Ich bin einverstanden mit:

  • die allgemein amortisierte Komplexität von O (1)
  • eine schlechte hashCode() -Implementierung kann zu mehreren Kollisionen führen, was bedeutet, dass im schlimmsten Fall jedes Objekt in den gleichen Bucket gelangt, also O [~ # ~] n [ ~ # ~] ), wenn jeder Bucket mit einem List hinterlegt ist.
  • since Java 8 HashMap ersetzt dynamisch die in jedem Bucket verwendeten Nodes (verknüpfte Liste) durch TreeNodes (rot-schwarzer Baum, wenn eine Liste größer als 8 Elemente wird), was zu einem Worst führt Leistung von O ( logN ).

Aber dies ist NICHT die volle Wahrheit, wenn wir 100% genau sein wollen. Die Implementierung von hashCode(), die Art des Schlüssels Object (unveränderlich/zwischengespeichert oder eine Auflistung) kann sich auch streng genommen auf die tatsächliche Komplexität auswirken.

Nehmen wir die folgenden drei Fälle an:

  1. HashMap<Integer, V>
  2. HashMap<String, V>
  3. HashMap<List<E>, V>

Haben sie die gleiche Komplexität? Nun, die amortisierte Komplexität der ersten ist erwartungsgemäß O (1). Im Übrigen müssen wir aber auch hashCode() des Lookup-Elements berechnen, was bedeutet, dass wir möglicherweise Arrays und Listen in unserem Algorithmus durchlaufen müssen.

Nehmen wir an, dass die Größe aller obigen Arrays/Listen k ist. Dann haben HashMap<String, V> Und HashMap<List<E>, V> O(k) amortisierte Komplexität und in ähnlicher Weise O ( k + logN ) Worst Case in Java8.

* Beachten Sie, dass die Verwendung eines String Schlüssels ein komplexerer Fall ist, da er unveränderlich ist und Java speichert das Ergebnis von hashCode() in einer privaten Variablen hash, wird also nur einmal berechnet.

/** Cache the hash code for the string */
    private int hash; // Default to 0

Das obige hat aber auch seinen eigenen schlimmsten Fall, da die Implementierung von Java String.hashCode() prüft, ob hash == 0, Bevor hashCode berechnet wird.
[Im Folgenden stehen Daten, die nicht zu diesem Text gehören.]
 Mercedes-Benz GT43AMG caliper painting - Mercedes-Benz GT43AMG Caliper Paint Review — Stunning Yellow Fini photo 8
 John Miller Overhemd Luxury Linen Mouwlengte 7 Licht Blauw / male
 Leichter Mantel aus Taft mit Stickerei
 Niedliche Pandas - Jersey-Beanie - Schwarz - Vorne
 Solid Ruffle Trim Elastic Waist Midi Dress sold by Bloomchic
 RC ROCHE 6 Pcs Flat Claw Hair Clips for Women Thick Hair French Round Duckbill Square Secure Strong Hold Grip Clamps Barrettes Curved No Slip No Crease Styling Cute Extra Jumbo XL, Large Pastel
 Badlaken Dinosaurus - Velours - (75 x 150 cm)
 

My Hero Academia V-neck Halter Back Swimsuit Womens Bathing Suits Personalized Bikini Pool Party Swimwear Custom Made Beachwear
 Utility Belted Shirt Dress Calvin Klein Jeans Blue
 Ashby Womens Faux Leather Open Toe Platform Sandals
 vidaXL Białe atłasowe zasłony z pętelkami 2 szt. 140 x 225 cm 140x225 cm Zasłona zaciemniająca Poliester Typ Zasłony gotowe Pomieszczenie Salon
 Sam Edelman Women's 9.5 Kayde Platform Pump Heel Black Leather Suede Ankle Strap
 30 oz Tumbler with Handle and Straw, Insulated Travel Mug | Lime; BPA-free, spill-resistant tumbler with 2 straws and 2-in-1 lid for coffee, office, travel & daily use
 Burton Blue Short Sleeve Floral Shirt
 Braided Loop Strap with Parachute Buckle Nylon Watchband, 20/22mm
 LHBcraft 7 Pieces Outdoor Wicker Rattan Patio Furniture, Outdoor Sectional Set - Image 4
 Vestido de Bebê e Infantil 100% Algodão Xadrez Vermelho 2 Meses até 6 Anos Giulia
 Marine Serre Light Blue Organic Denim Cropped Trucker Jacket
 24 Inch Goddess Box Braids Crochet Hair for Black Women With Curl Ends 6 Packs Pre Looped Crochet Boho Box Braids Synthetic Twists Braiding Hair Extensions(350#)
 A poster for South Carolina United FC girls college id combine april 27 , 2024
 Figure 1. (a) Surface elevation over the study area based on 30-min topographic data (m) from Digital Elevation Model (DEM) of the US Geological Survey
Aber hey, es gibt nicht leere Strings, die ein hashcode von Null ausgeben, wie z. B. "f5a5a608", siehe hier . In diesem Fall ist das Merken möglicherweise nicht hilfreich.

3
Kostas Chalkias

In der Praxis ist es O (1), aber dies ist tatsächlich eine schreckliche und mathematisch unsinnige Vereinfachung. Die O() Notation sagt aus, wie sich der Algorithmus verhält, wenn die Größe des Problems gegen unendlich geht. Hashmap get/put funktioniert wie ein O(1) Algorithmus Für eine begrenzte Größe: Die Begrenzung ist aus Sicht des Computerspeichers und der Adressierung ziemlich groß, aber bei weitem nicht unendlich.

Wenn man sagt, dass hashmap get/put O(1) ist, sollte man wirklich sagen, dass die für get/put benötigte Zeit mehr oder weniger konstant ist und nicht von der Anzahl der Elemente in abhängt die Hashmap, sofern die Hashmap auf dem tatsächlichen Computersystem dargestellt werden kann.Wenn das Problem diese Größe überschreitet und wir größere Hashmaps benötigen, wird die Anzahl der Bits, die ein Element beschreiben, mit der Zeit mit Sicherheit ebenfalls zunehmen Wenn wir beispielsweise eine Hashmap zum Speichern von 32-Bit-Zahlen verwendet haben und später die Problemgröße erhöhen, sodass die Hashmap mehr als 2 ^ 32-Bit-Elemente enthält, werden die einzelnen Elemente mit beschrieben mehr als 32 Bit.

Die Anzahl der Bits, die zur Beschreibung der einzelnen Elemente benötigt werden, ist log (N), wobei N die maximale Anzahl von Elementen ist, daher sind get und put wirklich O (log N).

Wenn Sie es mit einer Baummenge vergleichen, die O (log n) ist, dann ist die Hashmenge O(long(max(n)) und wir glauben einfach, dass dies O (1) ist, da bei einer bestimmten Implementierung max (n) fest ist, ändert sich nichts (die Größe der von uns gespeicherten Objekte wird in Bits gemessen) und der Algorithmus zur Berechnung des Hash-Codes ist schnell.

Wenn ein Element in einer Datenstruktur gefunden würde, würden wir O(1) Informationen aus Luft erzeugen. Mit einer Datenstruktur von n Element kann ich ein Element auf n verschiedene Arten auswählen. Damit kann ich Log (n) -Bit-Informationen kodieren. Wenn ich das mit Null-Bit kodieren kann (das bedeutet O(1))), dann habe ich einen unendlich komprimierenden Zip-Algorithmus erstellt.